It was one thing, however, to define the constitution as fundamental law, different from ordinary legislation and circumscribing the institutions of government; it was quite another to make such a distinction effective. Since the state constitutions were created by the legislatures, they presumably could also be changed or amended by the legislatures. Some of the constitution makers in 1776 realized the problem and tried to deal with it. Delaware provided for a supermajority, five-sevenths of the legislature, when changing its constitution. Maryland said that its constitution could be amended only by a two-thirds vote of two successive legislatures. Most states, however, simply enacted their constitutions as if they were regular statutes. Clearly, everyone believed that the constitutions were special kinds of law, but no one knew quite how to make them so.

In the years following the Declaration of Independence, Americans struggled with this problem of distinguishing fundamental from statutory law, none more persistently than Thomas Jefferson. In 1779 Jefferson knew from experience that no legislature “elected by the people for the ordinary purposes of legislation only” could restrain the acts of succeeding legislatures. Thus he realized that to declare his great Statute for Religious Freedom in Virginia to be “irrevocable would be of no effect in law; yet we are free,” he wrote into his 1779 bill in frustration, “to declare, and do declare, that . . . if any act shall be hereafter passed to repeal the present [act] or to narrow its operation, such act will be an infringement of natural right.” In effect, he was placing a curse on the future legislators of Virginia.

But Jefferson realized that such a paper declaration was not enough and that something more was needed. By the 1780s both he and his friend James Madison were eager “to form a real constitution” for Virginia; the existing one, they said, was merely an “ordinance” with “no higher authority than the other ordinances of the same session.” They wanted a constitution that would be “perpetual” and “unalterable by other legislatures.” The only way that could be done was to have the constitution created, as Jefferson put it, “by a power superior to that to the legislature.” By the time Jefferson came to write his Notes on the State of Virginia in the early 1780s, the answer had become clear. “To render a form of government unalterable by ordinary acts of assembly,” wrote Jefferson, “the people must delegate persons with special powers. They have accordingly chosen special conventions or congresses to form and fix their governments.”

Massachusetts in 1780 had shown the way. It had elected a convention specially designated to form a constitution and had then placed that constitution before the people for ratification. When the Philadelphia Convention drew up a new constitution for the nation in 1787, it knew what to do. It declared that the new Constitution had to be ratified by the people meeting in state conventions called for that purpose only. Constitutional conventions and the process of ratification made the people themselves the actual constituent power. As enlightened Europeans realized, these devices were some of the most distinctive contributions the American Revolution made to world politics.
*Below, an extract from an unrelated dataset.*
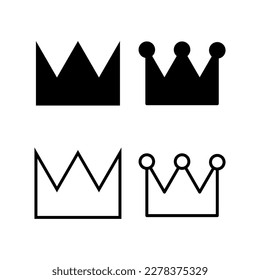 Crown icon vector illustration. crown sign and symbol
But these were not the only contributions. With the conception of a constitution as fundamental law immune from legislative encroachment more firmly in hand, some state judges during the 1780s began cautiously moving in isolated cases to impose restraints on what the assemblies were enacting as law. In effect, they said to the legislatures—as George Wythe, judge of the Virginia supreme court, did in 1782—“Here is the limit of your authority; and hither shall you go, but no further.” These were the hesitant beginnings of what would come to be called judicial review—that remarkable practice by which judges in the ordinary courts of law have the authority to determine the constitutionality of acts of the state and federal legislatures.
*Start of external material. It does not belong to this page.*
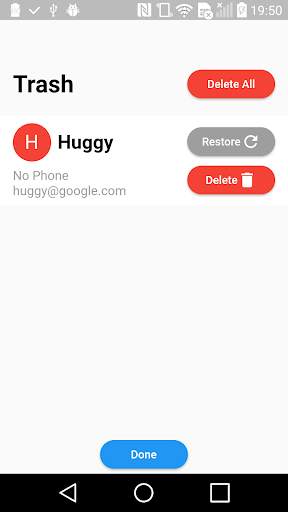 Cinder - Clean Your Contacts screenshot 4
The development of judicial review came slowly. It was not easy for people in the eighteenth century, even those who were convinced that many of the acts of the state legislatures in the 1780s were unjust and unconstitutional, to believe that unelected judges could set aside acts of the popularly elected legislatures; this seemed to be an undemocratic usurpation of power. But as early as 1787, James Iredell, soon to be appointed an associate justice of the newly created Supreme Court of the United States, saw that the new meaning Americans had given to a constitution had clarified the responsibility of judges to determine the law. A constitution in America, said Iredell, was not only “a fundamental law” but also a special, popularly created “law in writing . . . limiting the powers of the Legislature, and with which every exercise of those powers must necessarily be compared.” Judges were not arbiters of the constitution or usurpers of legislative power. They were, said Iredell, merely judicial officials fulfilling their duty of applying the proper law. When faced with a decision between “the fundamental unrepeatable law” made specially by the people, and an ordinary statute enacted by the legislature contrary to the constitution, they must simply determine which law was superior. Judges could not avoid exercising this authority, concluded Iredell, for in America a constitution was not “a mere imaginary thing, about which ten thousand different opinions may be formed, but a written document to which all may have recourse, and to which, therefore, the judges cannot witfully blind themselves.”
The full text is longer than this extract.